O inquérito foi concluído e apresentado nesta quarta-feira (2). Das seis pessoas indiciadas, cinco estão presas — quatro são da mesma família, que é dona da clínica, e um é funcionário do local. A defesa dos proprietários nega as acusações.
— Um senhor chegou ao hospital com bicheira (parasitas) nas feridas, outro com quadro de infecção grave, por conta de feridas não tratadas. A gente consegue fazer esse liame de que tudo que aconteceu ali ou foi gerado por essa negligência, por essas agressões ou foi acelerado por elas — afirma a delegada responsável pelo caso, Bianca Prado.
Foram indiciados pelos crimes a proprietária da clínica, Elizabeth Ferreira Lopes, o marido dela, Paulo Ferreira Lopes, as duas filhas, Poliana e Patrícia, e o funcionário Jorman Alexander Venâncio do Amaral — todos eles estão presos. O dono do imóvel, que não teria relação com a clínica, foi indiciado por lesão corporal e aguarda em liberdade.
O inquérito ouviu cerca de 50 pessoas, entre pacientes, funcionários, familiares de pessoas que morreram enquanto internadas na clínica e a equipe médica que atendeu os pacientes após a clínica ser fechada, em julho.
Segundo a delegada, alguns dos relatos ligam os cinco presos às agressões e à tortura. Elas vão desde socos e chutes até episódios em que idosos eram punidos sendo molhados com balde de água fria e obrigados a permanecer com a mesma roupa.
A investigação da Polícia Civil mineira começou por uma denúncia depois que dois pacientes da clínica morreram no mesmo dia, em julho, no Hospital Municipal Madalena Calixto, em Santa Luzia, com quadro de desidratação e desnutrição severa.
No dia em que recebeu a denúncia, 25 de julho, a polícia foi até o local. Mais tarde, a vigilância sanitária interditou a entrada de novos pacientes. A dona e uma das filhas foram presas em flagrante. O local funcionou por mais uma semana, sob supervisão da prefeitura, até ser fechado.
A clínica cobrava mensalidades entre R$ 900 e R$ 1.300. A dona também era pastora de uma igreja evangélica na cidade. Entre 2015 e julho deste ano, tempo em que funcionou, a clínica mudou de endereço três vezes. A última casa, segundo a delegada, era grande e tinha uma parte em construção onde viviam alguns dos pacientes. A clínica tinha cerca de 40 deles, em quartos com até oito pessoas.

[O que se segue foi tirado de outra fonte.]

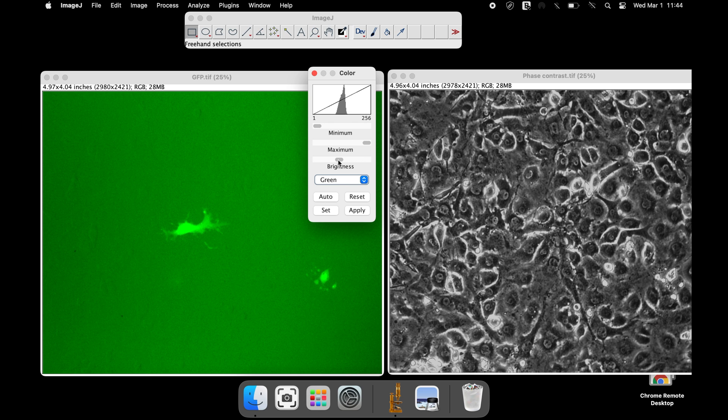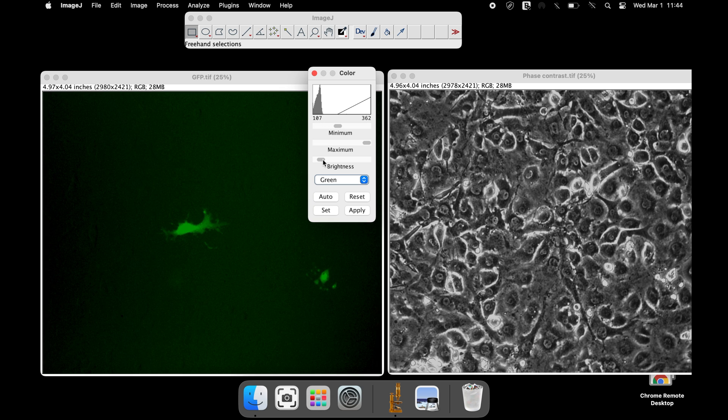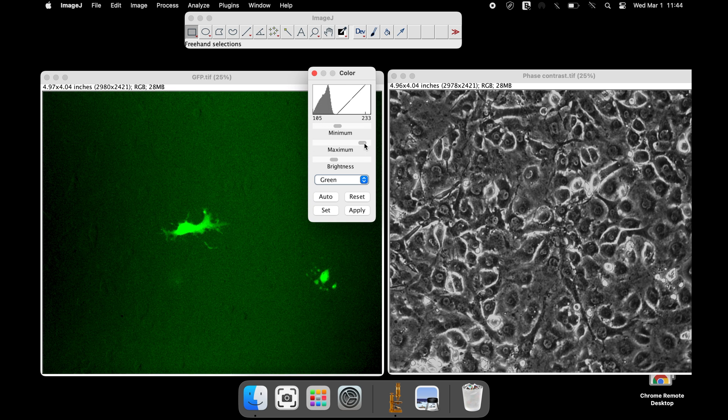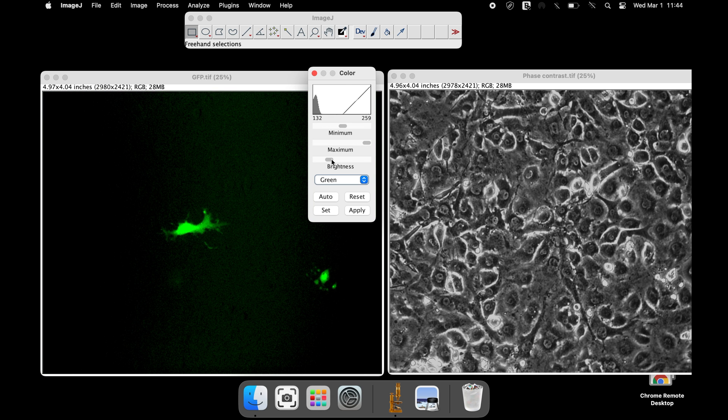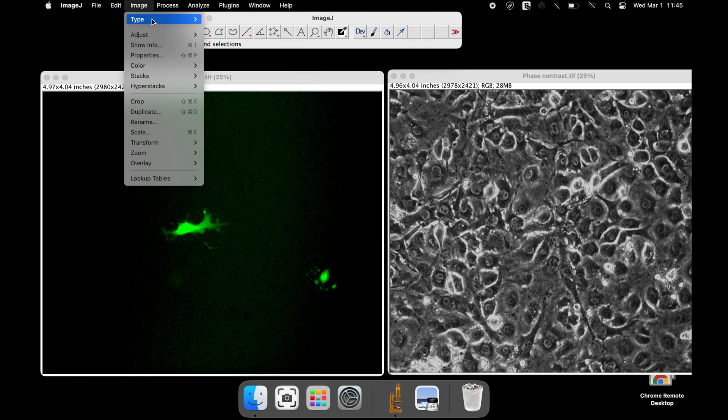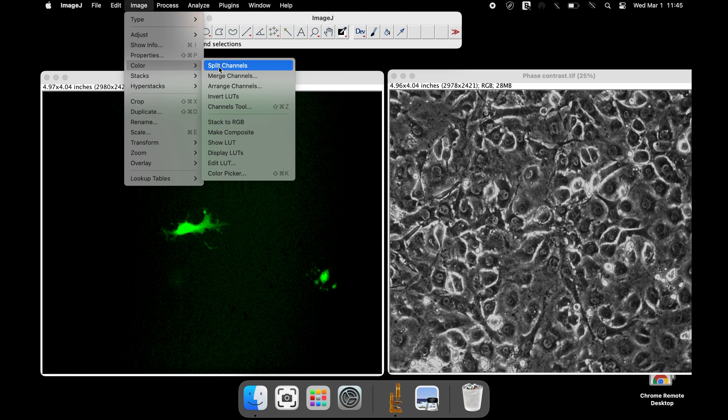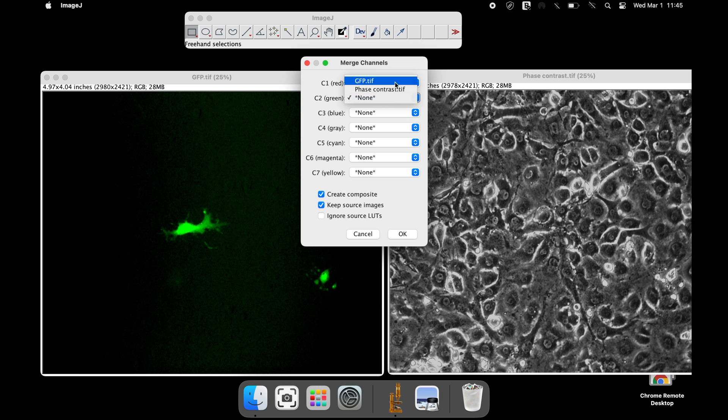Once the modification is completed, these images are ready to be merged. Click on Image, Color, and Merge Channels. From the Merge Channels window, select the GFP image as C2 green and the phase contrast image as C4 gray. These options can also be checked if required. Once completed, click OK.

Os casos de estupro apontados no inquérito de mais de mil páginas, segundo a polícia, teriam como vítimas um homem de 70 anos e uma jovem cadeirante de 23. O homem relatou à policia ter sido forçado a fazer sexo oral na proprietária.
A jovem, que tem atrofia nos membros inferiores e superiores, não tem condições de tirar a própria roupa. Testemunhas relataram à polícia, segundo a delegada, que era comum vê-la vestida para dormir e encontrá-la nua no dia seguinte.
Ao menos uma testemunha relatou à polícia que viu tanto a proprietária quanto o marido dela beijando a jovem na boca à força. Outra interna disse à polícia que ouvia a jovem gritando à noite.
O dono do imóvel, sexto indiciado e único que está em liberdade, responde por lesão corporal leve por depoimentos de testemunhas que dizem tê-lo visto agredir a jovem a tapas.
O inquérito foi encaminhado ao Ministério Público de Minas Gerais, que decidirá sobre a denúncia. Nesta semana, foi devolvido à polícia para realização de diligências pendentes, segundo o órgão.
A Promotoria já havia ajuizado uma ação civil pública para impor obrigação de regularização das condições de instalação e de funcionamento do referido asilo, sob pena de interdição judicial e fechamento.
Outro lado
O advogado Welbert de Souza Duarte, que representa os quatro indiciados da mesma família, não quis comentar o teor das investigações.
— Eles negam autoria de qualquer tipo de crime, de qualquer acusação feita contra eles nesse inquérito. Vou aguardar denúncia — afirmou.
A reportagem não conseguiu contato com a defesa do funcionário preso e com a do dono do imóvel que responde em liberdade. Segundo a polícia, os dois têm advogados constituídos, mas não souberam informar os nomes. Em depoimento à polícia, os dois negaram as acusações, diz a delegada.